The major indexes finished last week in less than stellar shape to say the least. On a bright note, the NASDAQ and S&P 500 held above their 2/28 lows, so the current rally attempt remains intact, although the NASDAQ was the only major index that ended last week above its key 200-DMA.
Remember, for a follow-through day to occur, either the NASDAQ or S&P 500 must rise at least 1.7% on more volume than the previous session. However, it’s important to keep in mind that we must also see fundamentally sound, leading growth stocks begin to form constructive bases and break out on heavy volume. Otherwise, it is likely to fail. Also, if distribution appears within the first few days after a follow-through day occurs, its chances of failure rises greatly.
While there has never been a new bull market or major uptrend in history that wasn’t preceded by a follow-through day, not every follow-through day leads to a new bull market, and it will always be the action of the market’s leadership that ultimately determines its success.
Over the last couple weeks, many of the leaders that were trading in a tight and organized manner just a week and a half prior, have become whippy, wide and loose much like the major indexes. This is not constructive behavior and some time will be needed from here for things to shape back up and look healthy and constructive again.
On the other hand, it’s amazing to see how many high growth leaders have continued to hold up constructively, despite major weakness in the general market.

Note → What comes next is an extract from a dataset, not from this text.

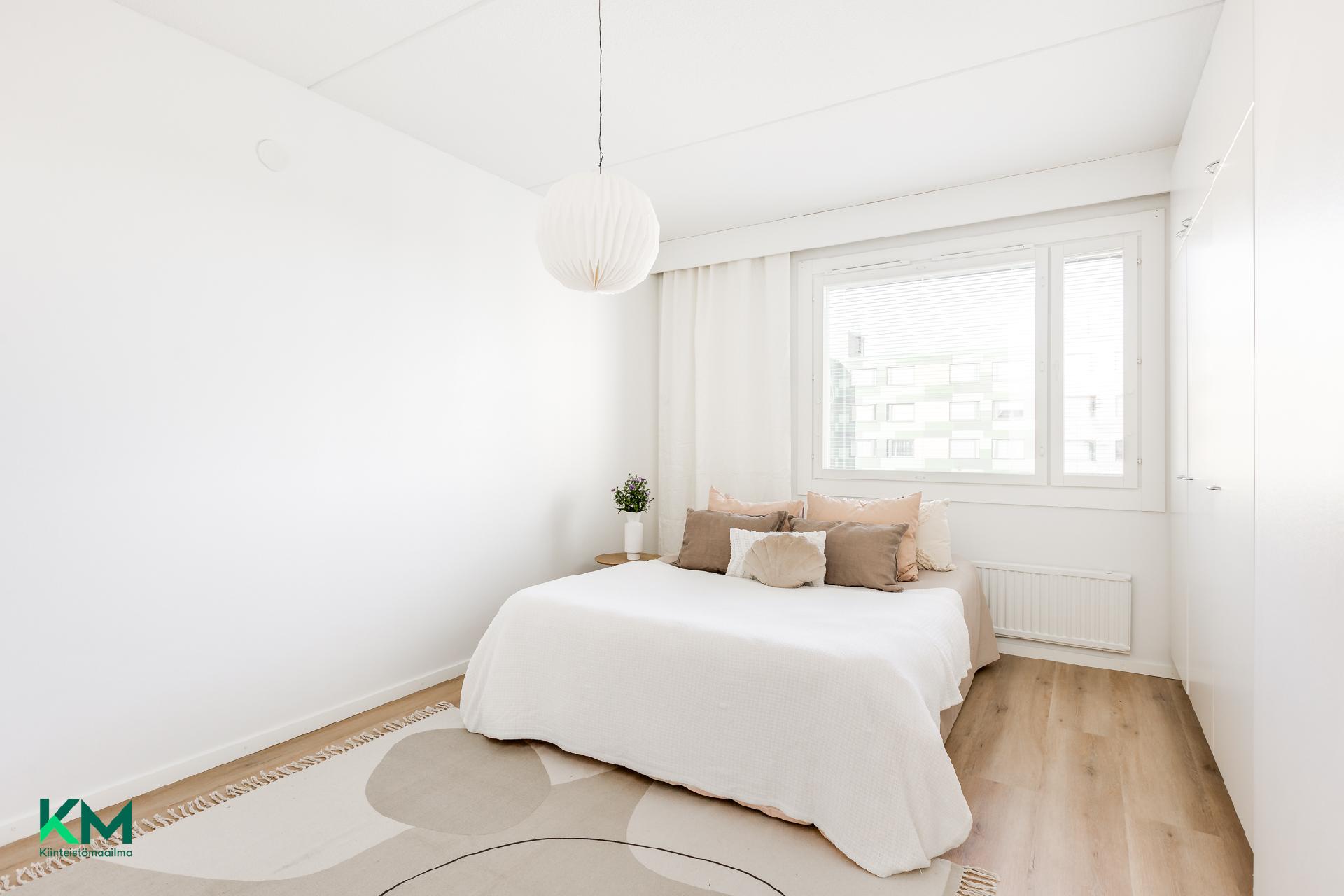 Kuivastie 12, Länsi-Tuira, Oulu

It remains to be seen whether these stocks can stay strong, or if they are simply the last batch of leaders standing before the market rolls over to new lows and ultimately breaks these stocks as well.
Corrections in the general market are the breeding ground for the next round of opportunities. So, continue to pay close attention to how rotation takes shape and focus on the strongest names in the strongest groups, with the best fundamentals. The first of these stocks to break out as the market follows through are often the best performers and hence, the stocks want to be concentrated in.

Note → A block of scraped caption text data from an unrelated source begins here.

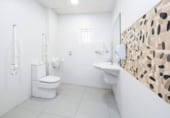 Local comercial
en venda
amb 268m² a Granada foto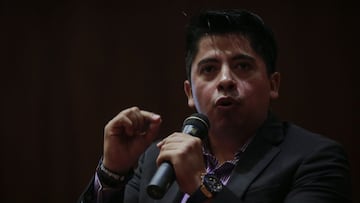 Ariel &Aacute;vila anuncia su candidatura al Senado de la Rep&uacute;blica por el partido Alianza Verde. Conozca c&oacute;mo fue el anuncio y qui&eacute;n es el analista pol&iacute;tico.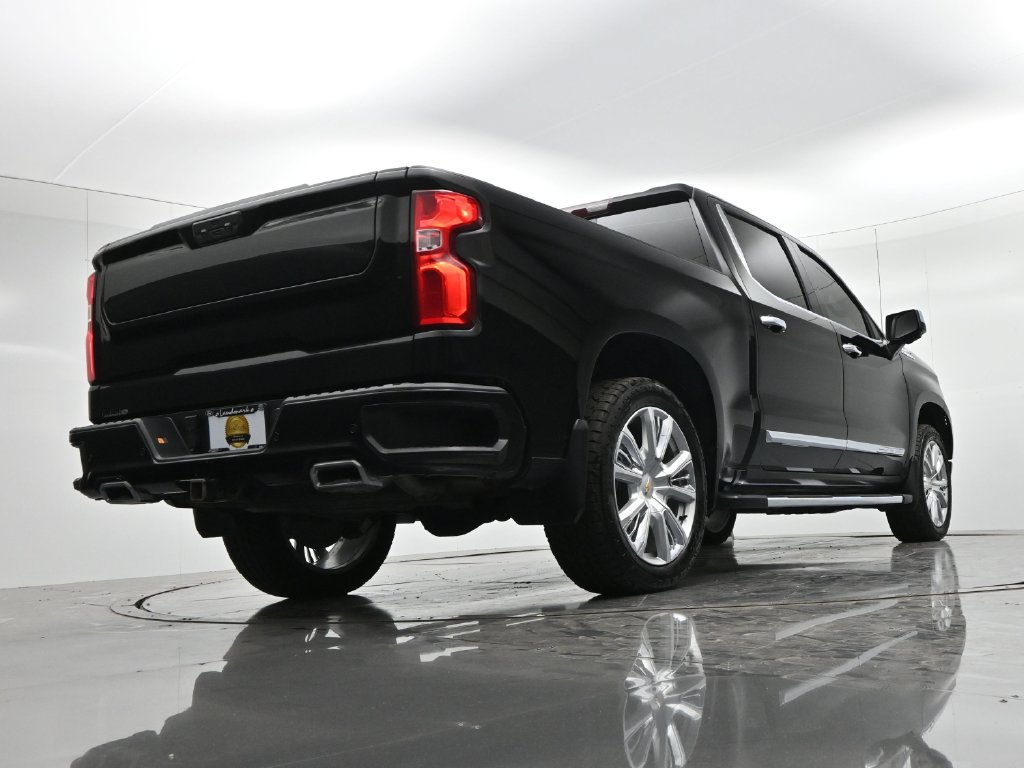 Used 2023 Chevrolet Silverado 1500 High Country w/ High Country Premium Package AWD/4WD image 22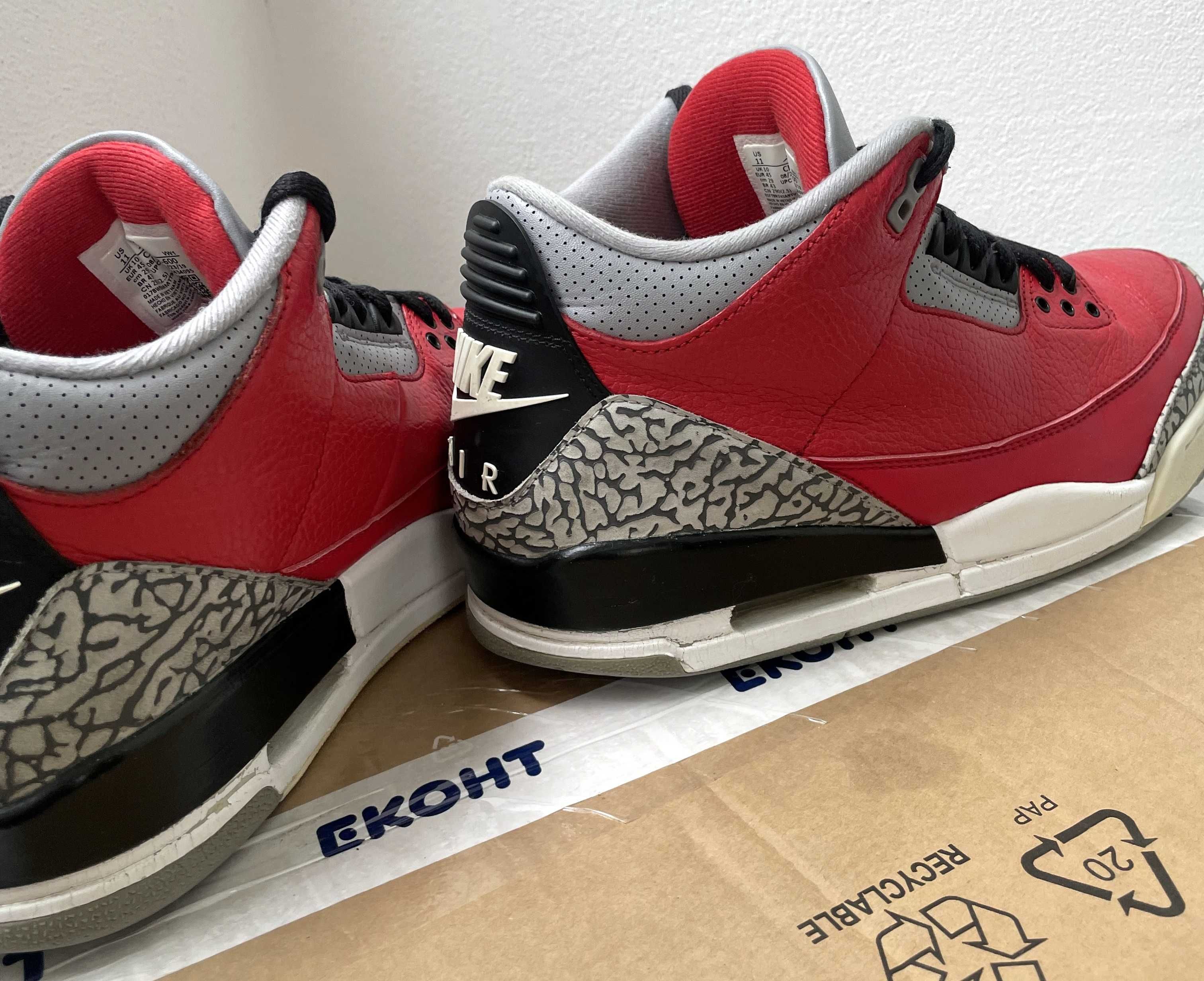 Jordan 3 Retro SE Unite Fire Red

Until the general market signals that a new uptrend has begun, cash is king. Avoid the temptation to trade out of FOMO or boredom. Put on a couple very small “feeler positions” if you must. Otherwise, sit on your hands until the probabilities are heavily back on your side.
The NASDAQ erased most of last weeks gains on Friday, although it found support at the confluence of the top of its prior base and its 200-DMA, bounced and closed well off its lows as volume expanded, which is a positive.

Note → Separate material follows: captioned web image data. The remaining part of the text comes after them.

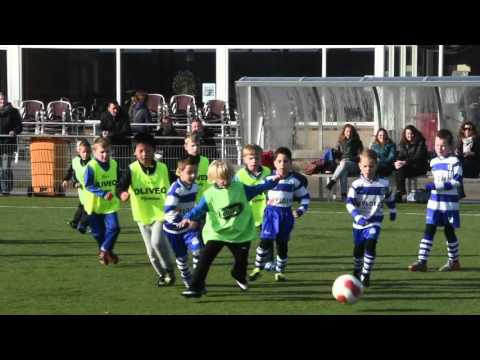 OLIVEO F-Minis tegen OLIVEO F6 oefenwedstrijd in Pijnacker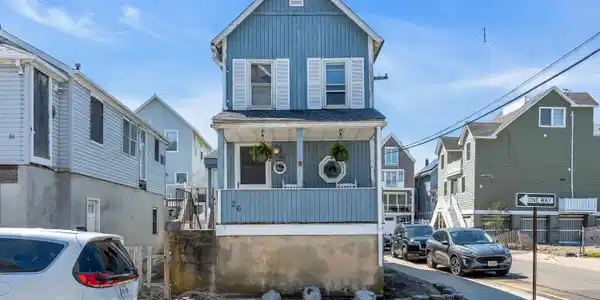 26 Surf Street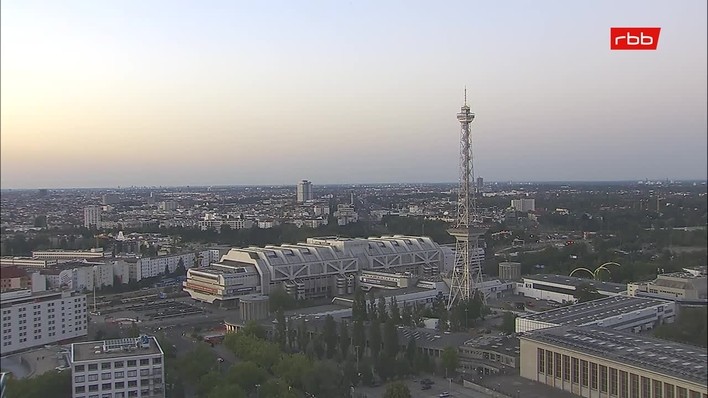 Archiv Foto Webcam Berlin: Theodor-Heuss-Platz am Funkhaus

The small-cap Russell 2000 was the only major index to undercut its most recent low as it continued to clearly lag the other three indexes.
The S&P 500 erased most of last weeks gains on Friday, although it held well above its low from 2/28 and closed well off its low for the day as volume expanded, which is a positive.
The DOW wiped out most of last weeks gains on Friday and while it held its most recent low, rallied back toward the end of the session and closed near its high for the day it remains well below its long-term 200-DMA, which is not constructive.